## [Activity]
Your reply must contain the full listing below, reproduced exactly, but no pictures.

## [Source material]

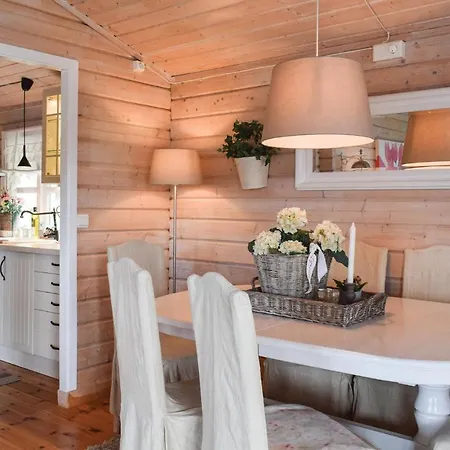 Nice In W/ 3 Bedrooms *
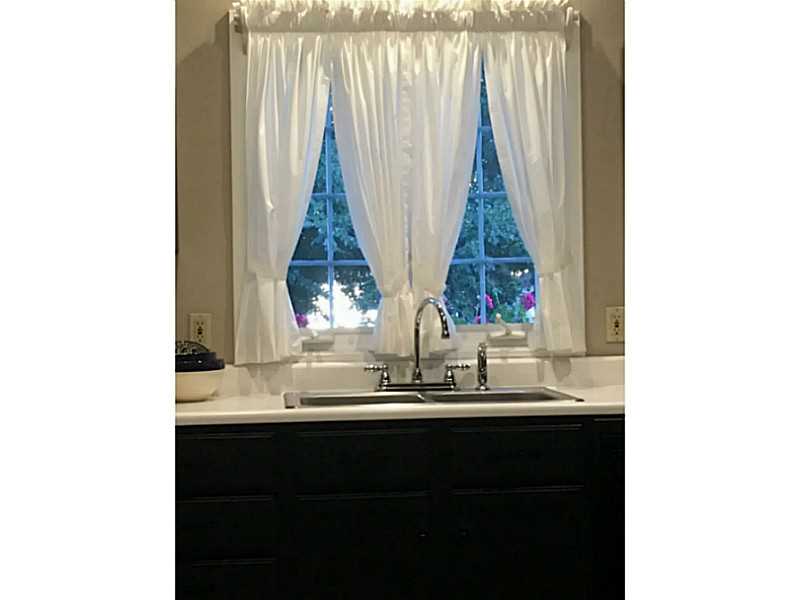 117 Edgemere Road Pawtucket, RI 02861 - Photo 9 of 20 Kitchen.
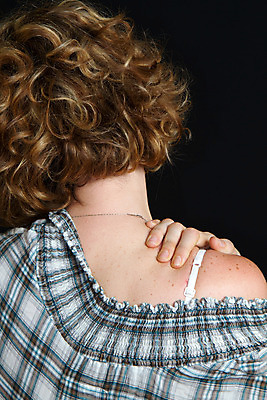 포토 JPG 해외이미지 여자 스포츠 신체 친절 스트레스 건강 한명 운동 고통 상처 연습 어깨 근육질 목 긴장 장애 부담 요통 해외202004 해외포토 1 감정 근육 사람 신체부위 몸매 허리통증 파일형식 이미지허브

## [Final answer]
 Nice In W/ 3 Bedrooms *
 117 Edgemere Road Pawtucket, RI 02861 - Photo 9 of 20 Kitchen.
 포토 JPG 해외이미지 여자 스포츠 신체 친절 스트레스 건강 한명 운동 고통 상처 연습 어깨 근육질 목 긴장 장애 부담 요통 해외202004 해외포토 1 감정 근육 사람 신체부위 몸매 허리통증 파일형식 이미지허브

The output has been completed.